The regional government and the Majorca Hoteliers Federation might hold wildly differing views regarding the tourist tax but they share very similar views when it comes to the issue of residential tourism, a catch-all term but one which, in this respect, refers to holiday lets.
The federation's president, Inma de Benito, handed government representatives a document at last week's Fitur travel fair in Madrid in which there is a proposal for a ceiling to growth of residential tourism in order to avoid services being overstretched and the image of Majorca being damaged. Vice-President Barceló, after an initial look at the document, says that he understands the need for such a limit, just as there is for regulated tourist accommodation supply (the hotels, for example).
"We are a 'refuge' destination. Therefore, there are conditions which favour ever more tourists coming this summer. But last summer during the peak months there was a sense of overcrowding that affected the general quality of life for both tourists and residents.
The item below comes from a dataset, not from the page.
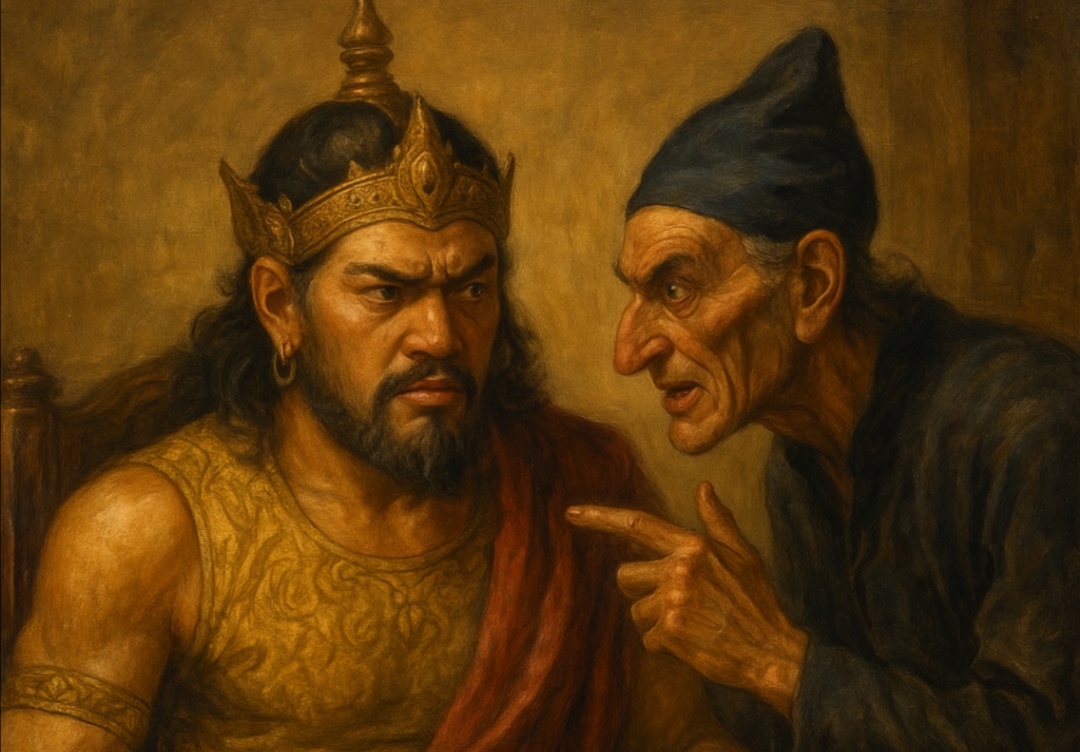 Ilustrasi lakon wayang Ampak-ampak Glagah Tinunu.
This overcrowding was not produced by the hotels but by the rise in residential tourism," says Benito. With this in mind, the federation is asking town halls to analyse levels of legal and illegal accommodation in order that some form of ceiling might be created.
"This type of tourism cannot just keep on growing as it will end up destroying the current tourism model. It is residential tourism that is causing services to be overstretched because of an absence of control. Hotel occupancy will be above 90% but it will not be the regulated offer causing further pressure this summer."
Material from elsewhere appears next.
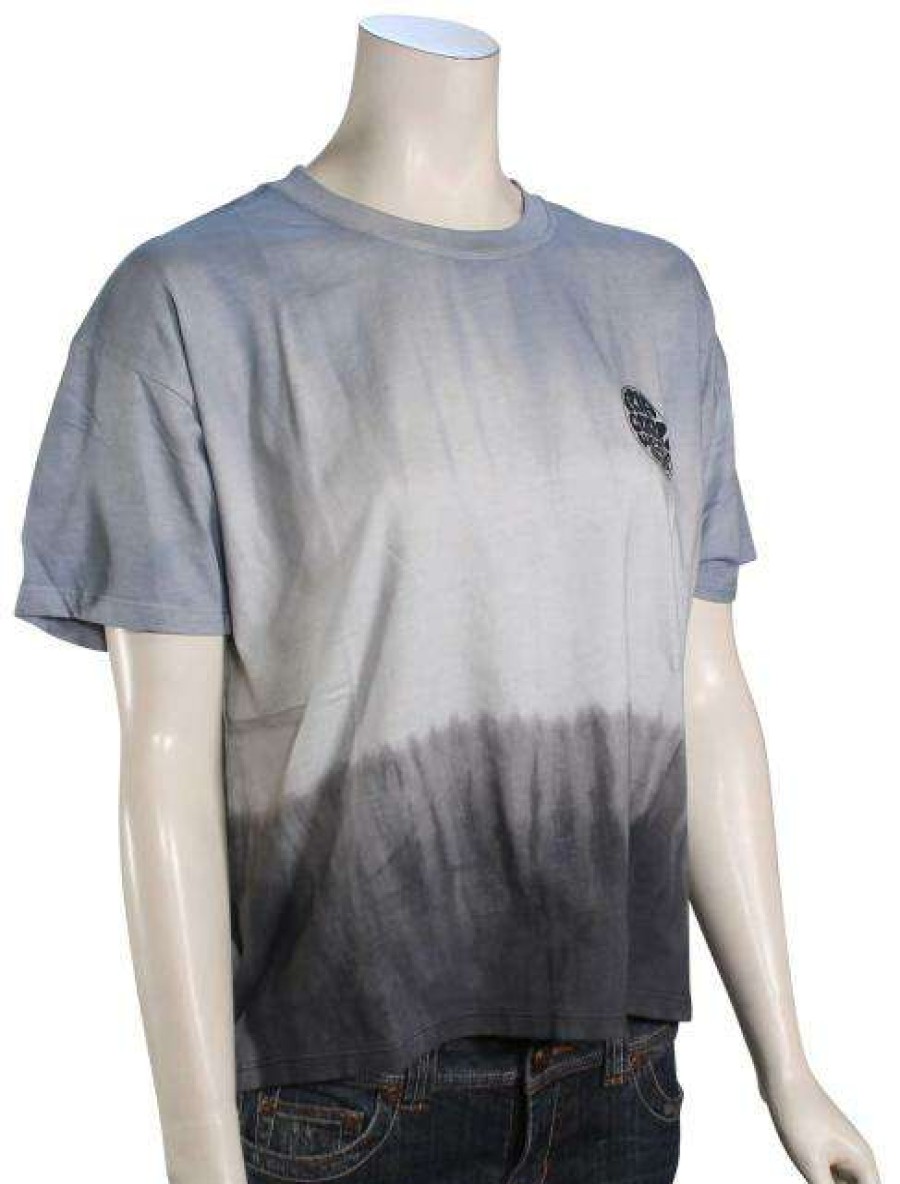 Apparel * | Outlet Sale Rip Curl Wettie Icon Relaxed Women'S T-Shirt Blue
Barceló says he appreciates the federation's concerns as they are also the government's. "We know that there has to be a limit to residential tourism and we are going to address this when reforming the tourism law. It is a challenge for all administrations to have order and control so as to avoid overstretching services. We will have to get used to there being limits in order to avoid saturation, such as with access to beaches in protected areas. We have spoken about this with the Canary Islands as both of us have a similar problem, meaning that we have to regulate holiday rentals and limit the number of places."
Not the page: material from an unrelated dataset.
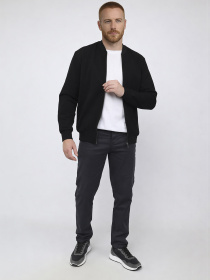 Мужская кофта на молнии  цвет черный ЦБ-00290889 модель ЦБ-00290889 Фото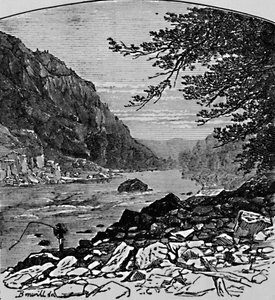 Der Untere Canyon, 1883 von Charles E. H. Bonwill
Joan Estarellas, the president of Aptur, the association for private tourist accommodation, agrees that that it is logical to want to have a ceiling. "But in order for there to be, we have to enable all tourist accommodation to operate under the same conditions as the regulated supply." Aptur recognises that there are more than 126,000 residential tourism places in the Balearics that are not being controlled but are also ones for which a legal outcome is being sought in order that there aren't any sanctions.